Subsidies slide to 1.6 per cent of GDP

Government says macro fundamentals remain strong and it is now better placed to handle unforseen external shocks.

October 06, 2015 02:53 am | Updated 02:53 am IST

“While many commentators expressed doubt, we have simultaneously achieved 10 per cent increase in tax devolution to the States, achieved over 30 per cent increase in the Plan capital expenditure, and yet, adhered to the fiscal deficit roadmap in the Budget,” Finance Secretary Ratan Watal (right) said. Hasmukh Adhia Revenue Secretary is also seen.

“While many commentators expressed doubt, we have simultaneously achieved 10 per cent increase in tax devolution to the States, achieved over 30 per cent increase in the Plan capital expenditure, and yet, adhered to the fiscal deficit roadmap in the Budget,” Finance Secretary Ratan Watal (right) said. Hasmukh Adhia Revenue Secretary is also seen.

The Modi Government said on Monday that the Finance Ministry has achieved, over the past one year, restructuring of the expenditure side of the budget: Outgo towards major subsidies is down to 1.6 per cent of GDP in 2015-16 from 2.5 per cent of GDP in 2012-13.

“While many commentators expressed doubt, we have simultaneously achieved 10 per cent increase in tax devolution to the States, achieved over 30 per cent increase in the Plan capital expenditure, and yet, adhered to the fiscal deficit roadmap in the Budget,” Finance Secretary Ratan Watal said, addressing a press conference.

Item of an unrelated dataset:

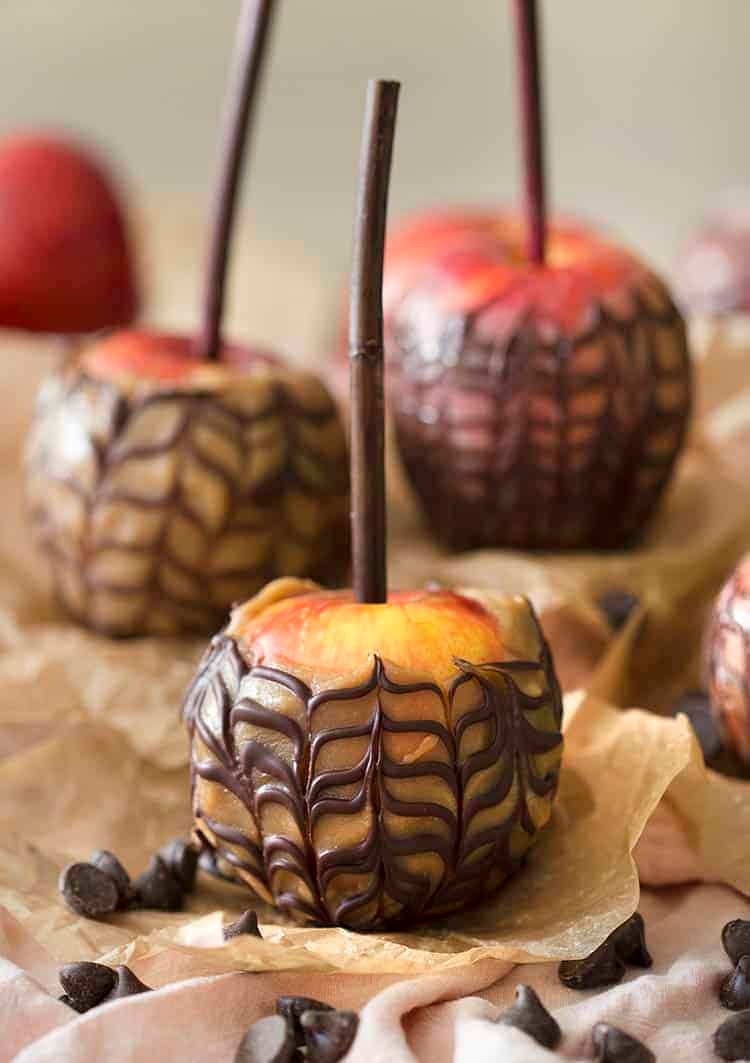 A group of caramel apples striped with chocolate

Tax collections, however, could see a minor shortfall of 5 per cent within the targeted Rs.14.5 lakh crore, said Revenue Secretary Hasmukh Adhia. Tax collection will fall short by Rs.50,000 crore, he said, but expressed confidence that economic growth will exceed 7.5 per cent, with the fiscal deficit remaining within the budgeted target.

“If no other externality hits us, we are hopeful of achieving the total taxation target with possibility of a minor shortfall of around 5-7 per cent within the total budget target of Rs.14.5 lakh crore, mainly because of subdued growth in direct taxes,” he said.

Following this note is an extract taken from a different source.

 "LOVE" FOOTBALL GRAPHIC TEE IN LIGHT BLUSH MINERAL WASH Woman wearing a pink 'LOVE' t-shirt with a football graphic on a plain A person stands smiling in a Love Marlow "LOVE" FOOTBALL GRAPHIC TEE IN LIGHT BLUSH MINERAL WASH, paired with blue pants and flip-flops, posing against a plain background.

The revenue collection target for the current fiscal is 16.5 per cent as against 9.9 per cent in the previous financial year, which, Dr. Adhia said, “looks to be ambitious, but the revenue position so far has been satisfactory”. Direct tax collection during April-September was 12 per cent higher than in the corresponding period in the previous year. Indirect tax collections are 36.5 per cent higher, he said and added that it would be 12.2 per cent after excluding the additional revenue measures by the government during the year.

He also said that the tax collections figure can be taken as a positive index of growth in demand in the economy.

“Macro-fundamentals remain strong… We are now better placed to handle unforeseen external shocks, and to put India firmly on the path of economic recovery and inclusive prosperity,” Economic Affairs Secretary Shaktikanta Das said. He said that GDP growth during the current financial year could be expected to exceed 7.5 per cent.

He also said that the interest of small savers, especially of senior citizens and the girl child, will be kept in mind while reviewing the deposit rates for schemes in light of falling bank interest rates. “The interest of small savers, the interest of senior citizens, interest of girl child scheme, all these aspects will be taken into account. Social security component of small savings schemes is very important and government will keep that in mind,” Mr. Das said.

The Finance Ministry had last week said it would review the small savings schemes, which includes PPF and post office deposits, in view of the need for the transmission of lower interest rates to the rest of the economy following the cut announced by the Reserve Bank of India.

With the rate of interest on small saving deposits, which is administered by the Centre, close to 8.7-9.3 per cent, banks are reluctant to transmit the entire policy rate reduction by the RBI to borrowers. “We have to see that the savings rate doesn't get impacted,” Mr. Watal said.